Michel Strogoff: Moscou-Irkutsk | Page 7

Jules Verne

«Votre Majesté, dit-il, a sans doute donné des ordres pour que cette invasion fût
repoussée au plus vite?
--Oui, répondit le czar. Le dernier télégramme qui a pu passer à Nijni-Oudinsk a dû
mettre en mouvement les troupes des gouvernements d'Yeniseisk, d'Irkoutsk, d'Iakoutsk,
celles des provinces de l'Amour et du lac Baïkal.
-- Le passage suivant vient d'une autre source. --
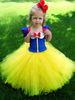 Schneewittchen Blumenmädchenkleider Square Neck Polyester Kurze Ärmel Tee Länge A Line Tüll Kinder Party Kleider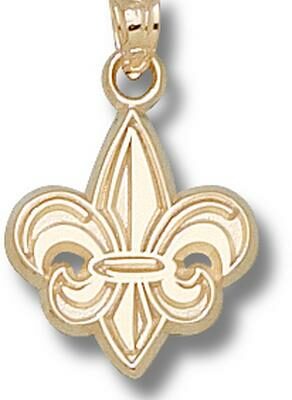 Louisiana (Lafayette) Ragin' Cajuns "Fleur De Lis" 5/8" Pendant - 14KT Gold Jewelry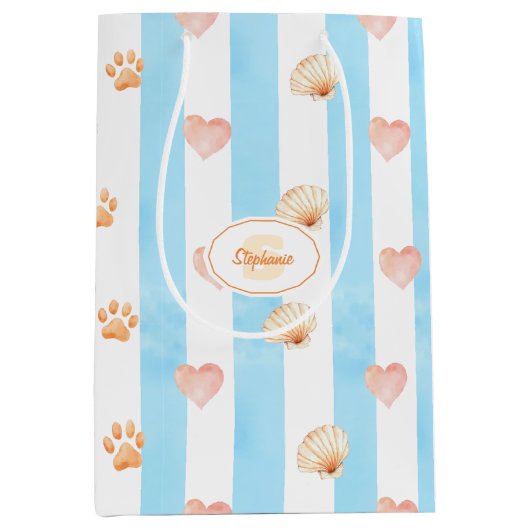 Blauw-witte streep - Harten, Poot, Print, Shell Medium Cadeauzakje (Voorkant)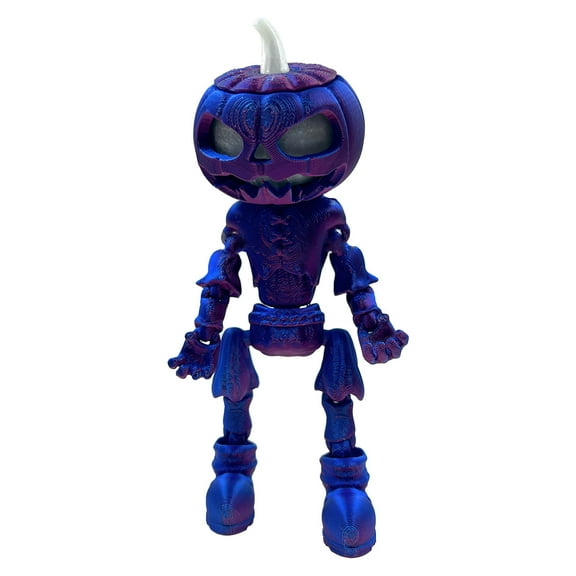 Holloyiver Halloween Pumpkin Reaper Action Figure with Flexible Joints, 3D Printed Pumpkin Man Toys, Pumpkin Dummy Robot Action Figure, Halloween Decor Luminous Desktop Ornaments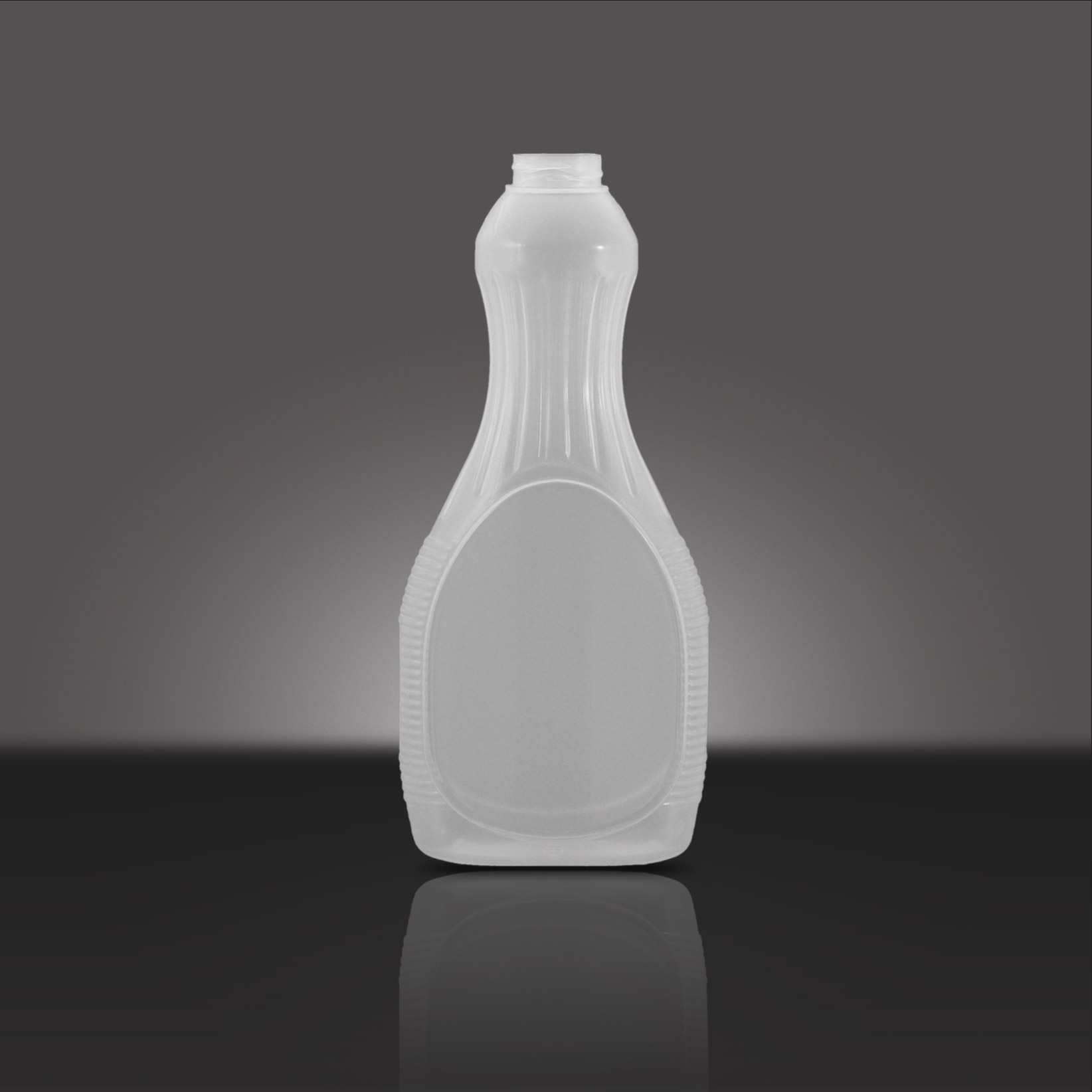 710 ML NATURAL PP RIBBED SYRUP OVAL WITH  33 - 400SP NECK FINISH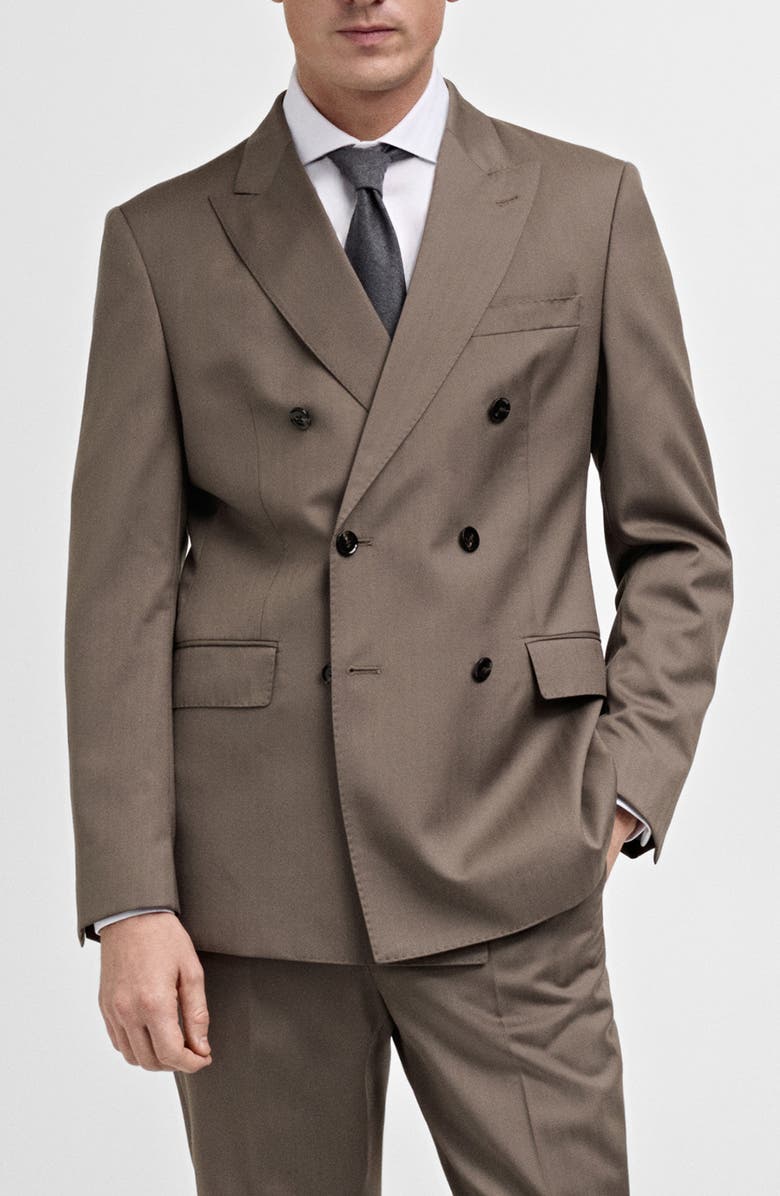 MANGO Double Breasted Virgin Wool Herringbone Blazer, Main, color, 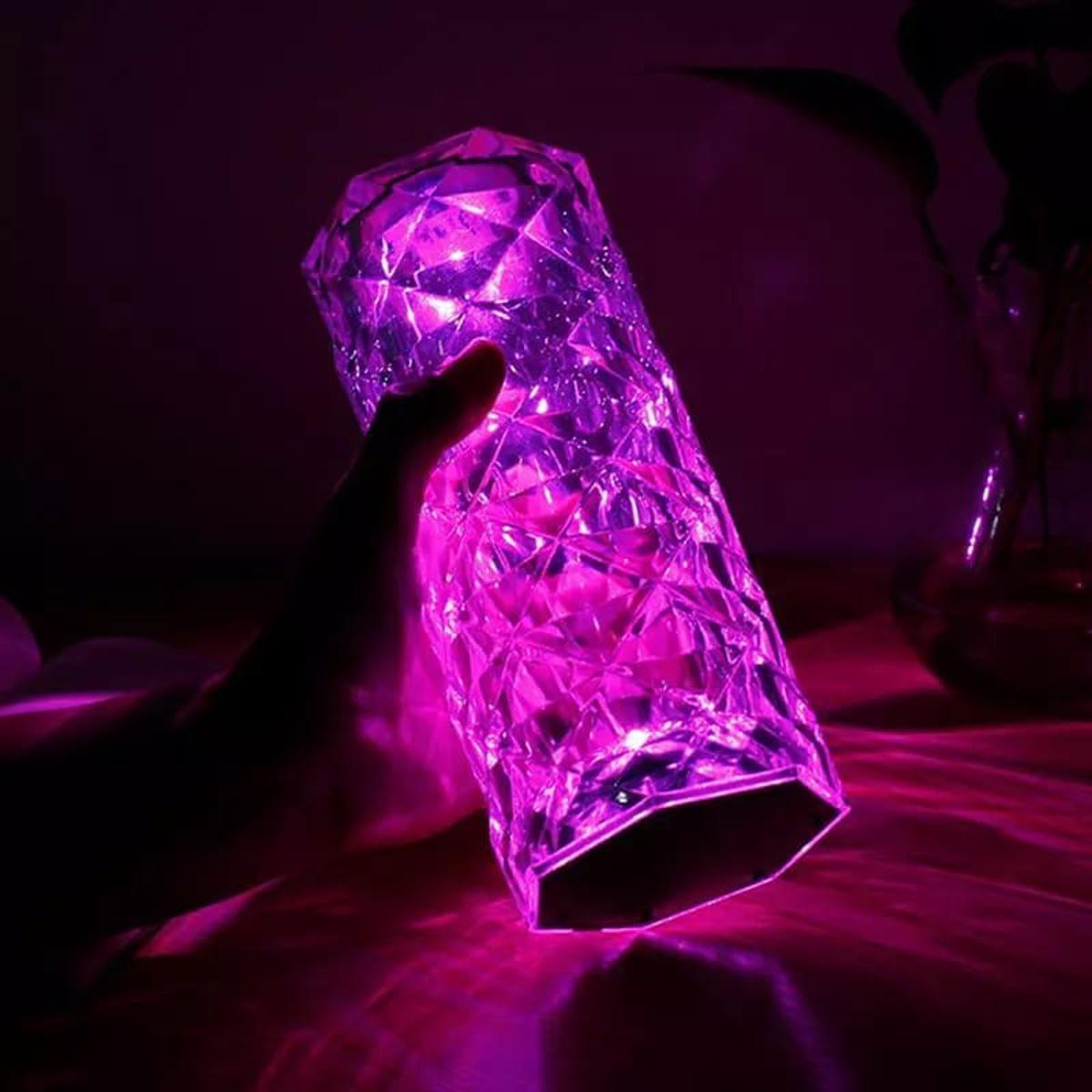 luxurious crystal rose table touch lamp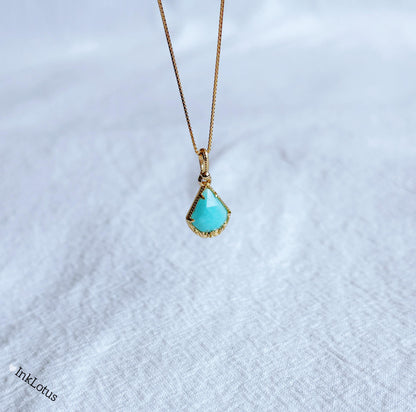 Gold Amazonite Teardrop Pendant: S925 Sterling Silver Necklace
En même temps, les régiments de Perm
et de Nijni-Novgorod et les Cosaques de la frontière se dirigent à marche forcée vers les
monts Ourals; mais, malheureusement, il faudra plusieurs semaines avant qu'ils puissent
se trouver en face des colonnes tartares!
--Et le frère de Votre Majesté, Son Altesse le grand-duc, en ce moment isolé dans le
gouvernement d'Irkoutsk, n'est plus en communication directe avec Moscou?
--Non.
--Mais il doit savoir, par les dernières dépêches, quelles sont les mesures prises par Votre
Majesté et quels secours il doit attendre des gouvernements les plus rapprochés de celui
d'Irkoutsk?
--Il le sait, répondit le czar, mais ce qu'il ignore, c'est qu'Ivan Ogareff, en même temps
que le rôle de rebelle, doit jouer le rôle de traître, et qu'il a en lui un ennemi personnel et
acharné. C'est au grand-duc qu'Ivan Ogareff doit sa première disgrâce, et, ce qu'il y a de
plus grave, c'est que cet homme n'est pas connu de lui. Le projet d'Ivan Ogareff est donc
de se rendre à Irkoutsk, et là, sous un faux nom, d'offrir ses services au grand-duc. Puis,
après qu'il aura capté sa confiance, lorsque les Tartares auront investi Irkoutsk, il livrera
la ville, et avec elle mon frère, dont la vie est directement menacée. Voilà ce que je sais
par mes rapports, voilà ce que ne sait pas le grand-duc, et voilà ce qu'il faut qu'il sache!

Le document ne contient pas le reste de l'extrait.